━━ THE RECORDS
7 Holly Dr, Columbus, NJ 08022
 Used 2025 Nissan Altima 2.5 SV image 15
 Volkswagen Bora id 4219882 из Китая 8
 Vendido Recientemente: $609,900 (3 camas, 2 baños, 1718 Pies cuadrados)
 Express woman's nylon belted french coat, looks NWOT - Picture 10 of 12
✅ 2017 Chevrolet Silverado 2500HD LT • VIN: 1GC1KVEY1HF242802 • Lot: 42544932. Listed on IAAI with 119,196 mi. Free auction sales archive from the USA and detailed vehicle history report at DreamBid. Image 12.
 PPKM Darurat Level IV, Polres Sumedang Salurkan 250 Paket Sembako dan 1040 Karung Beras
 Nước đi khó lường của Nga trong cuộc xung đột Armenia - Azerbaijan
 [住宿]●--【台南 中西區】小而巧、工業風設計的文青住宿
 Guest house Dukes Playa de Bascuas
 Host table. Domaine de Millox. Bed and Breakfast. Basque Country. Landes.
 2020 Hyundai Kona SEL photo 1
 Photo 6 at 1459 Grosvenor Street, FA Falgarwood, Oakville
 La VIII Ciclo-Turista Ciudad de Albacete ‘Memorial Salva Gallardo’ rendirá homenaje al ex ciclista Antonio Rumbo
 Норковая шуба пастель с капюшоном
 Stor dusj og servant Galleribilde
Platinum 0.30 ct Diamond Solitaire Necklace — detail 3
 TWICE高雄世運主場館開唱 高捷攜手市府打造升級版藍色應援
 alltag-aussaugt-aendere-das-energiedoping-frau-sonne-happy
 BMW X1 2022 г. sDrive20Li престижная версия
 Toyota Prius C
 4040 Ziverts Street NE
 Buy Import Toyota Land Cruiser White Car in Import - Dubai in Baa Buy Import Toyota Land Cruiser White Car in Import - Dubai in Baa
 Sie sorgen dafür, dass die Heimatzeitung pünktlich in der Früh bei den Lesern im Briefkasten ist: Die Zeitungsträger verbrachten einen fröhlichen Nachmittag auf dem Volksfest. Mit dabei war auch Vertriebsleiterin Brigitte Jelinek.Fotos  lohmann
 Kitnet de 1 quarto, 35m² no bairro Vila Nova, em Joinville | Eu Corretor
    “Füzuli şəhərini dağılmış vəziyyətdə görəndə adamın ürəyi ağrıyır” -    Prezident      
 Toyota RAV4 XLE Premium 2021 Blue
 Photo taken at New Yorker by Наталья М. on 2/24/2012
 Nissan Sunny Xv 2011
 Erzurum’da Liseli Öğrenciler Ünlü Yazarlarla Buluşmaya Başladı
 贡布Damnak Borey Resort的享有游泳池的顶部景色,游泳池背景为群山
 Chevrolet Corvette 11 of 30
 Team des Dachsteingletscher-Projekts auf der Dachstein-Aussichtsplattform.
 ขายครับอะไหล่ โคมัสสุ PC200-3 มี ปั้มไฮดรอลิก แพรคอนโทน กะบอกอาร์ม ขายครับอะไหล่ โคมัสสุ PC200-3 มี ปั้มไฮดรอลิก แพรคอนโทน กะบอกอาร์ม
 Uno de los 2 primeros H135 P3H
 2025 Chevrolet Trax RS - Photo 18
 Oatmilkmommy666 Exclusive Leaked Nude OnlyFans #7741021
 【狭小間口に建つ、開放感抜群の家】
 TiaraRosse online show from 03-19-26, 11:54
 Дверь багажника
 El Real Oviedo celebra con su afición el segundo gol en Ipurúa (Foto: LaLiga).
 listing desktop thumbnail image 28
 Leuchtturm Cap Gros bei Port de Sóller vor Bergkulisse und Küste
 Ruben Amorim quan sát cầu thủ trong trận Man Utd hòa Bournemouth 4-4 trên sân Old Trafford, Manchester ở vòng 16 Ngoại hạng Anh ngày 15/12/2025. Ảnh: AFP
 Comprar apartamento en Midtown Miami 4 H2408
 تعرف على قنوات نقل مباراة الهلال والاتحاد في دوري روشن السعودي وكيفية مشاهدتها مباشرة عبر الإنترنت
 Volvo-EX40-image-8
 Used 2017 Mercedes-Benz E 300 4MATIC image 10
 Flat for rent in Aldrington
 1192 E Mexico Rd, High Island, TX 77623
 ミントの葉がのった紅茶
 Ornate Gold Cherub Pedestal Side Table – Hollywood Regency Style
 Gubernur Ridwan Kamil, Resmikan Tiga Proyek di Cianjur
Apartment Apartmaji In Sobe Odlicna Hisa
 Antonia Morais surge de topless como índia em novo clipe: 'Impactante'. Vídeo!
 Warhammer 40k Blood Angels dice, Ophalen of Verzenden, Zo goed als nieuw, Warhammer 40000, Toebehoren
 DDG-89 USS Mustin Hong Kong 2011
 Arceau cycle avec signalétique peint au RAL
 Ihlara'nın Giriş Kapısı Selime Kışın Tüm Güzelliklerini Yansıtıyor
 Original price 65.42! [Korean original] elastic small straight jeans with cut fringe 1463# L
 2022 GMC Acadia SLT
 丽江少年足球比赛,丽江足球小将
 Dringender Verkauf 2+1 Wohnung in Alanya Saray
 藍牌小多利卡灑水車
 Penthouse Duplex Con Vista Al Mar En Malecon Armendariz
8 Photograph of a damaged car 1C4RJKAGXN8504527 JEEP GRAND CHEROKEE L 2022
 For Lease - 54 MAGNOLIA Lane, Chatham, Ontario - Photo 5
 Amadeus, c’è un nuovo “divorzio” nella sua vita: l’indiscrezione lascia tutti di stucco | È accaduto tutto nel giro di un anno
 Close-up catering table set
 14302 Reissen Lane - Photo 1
━━━━
- **EXERCISE DIRECTIONS**:
Up to and including the last line of the records above, print exactly every line from the one that contains "تعرف على قنوات" onward.

- **ANSWER SPACE**:
 تعرف على قنوات نقل مباراة الهلال والاتحاد في دوري روشن السعودي وكيفية مشاهدتها مباشرة عبر الإنترنت
 Volvo-EX40-image-8
 Used 2017 Mercedes-Benz E 300 4MATIC image 10
 Flat for rent in Aldrington
 1192 E Mexico Rd, High Island, TX 77623
 ミントの葉がのった紅茶
 Ornate Gold Cherub Pedestal Side Table – Hollywood Regency Style
 Gubernur Ridwan Kamil, Resmikan Tiga Proyek di Cianjur
Apartment Apartmaji In Sobe Odlicna Hisa
 Antonia Morais surge de topless como índia em novo clipe: 'Impactante'. Vídeo!
 Warhammer 40k Blood Angels dice, Ophalen of Verzenden, Zo goed als nieuw, Warhammer 40000, Toebehoren
 DDG-89 USS Mustin Hong Kong 2011
 Arceau cycle avec signalétique peint au RAL
 Ihlara'nın Giriş Kapısı Selime Kışın Tüm Güzelliklerini Yansıtıyor
 Original price 65.42! [Korean original] elastic small straight jeans with cut fringe 1463# L
 2022 GMC Acadia SLT
 丽江少年足球比赛,丽江足球小将
 Dringender Verkauf 2+1 Wohnung in Alanya Saray
 藍牌小多利卡灑水車
 Penthouse Duplex Con Vista Al Mar En Malecon Armendariz
8 Photograph of a damaged car 1C4RJKAGXN8504527 JEEP GRAND CHEROKEE L 2022
 For Lease - 54 MAGNOLIA Lane, Chatham, Ontario - Photo 5
 Amadeus, c’è un nuovo “divorzio” nella sua vita: l’indiscrezione lascia tutti di stucco | È accaduto tutto nel giro di un anno
 Close-up catering table set
 14302 Reissen Lane - Photo 1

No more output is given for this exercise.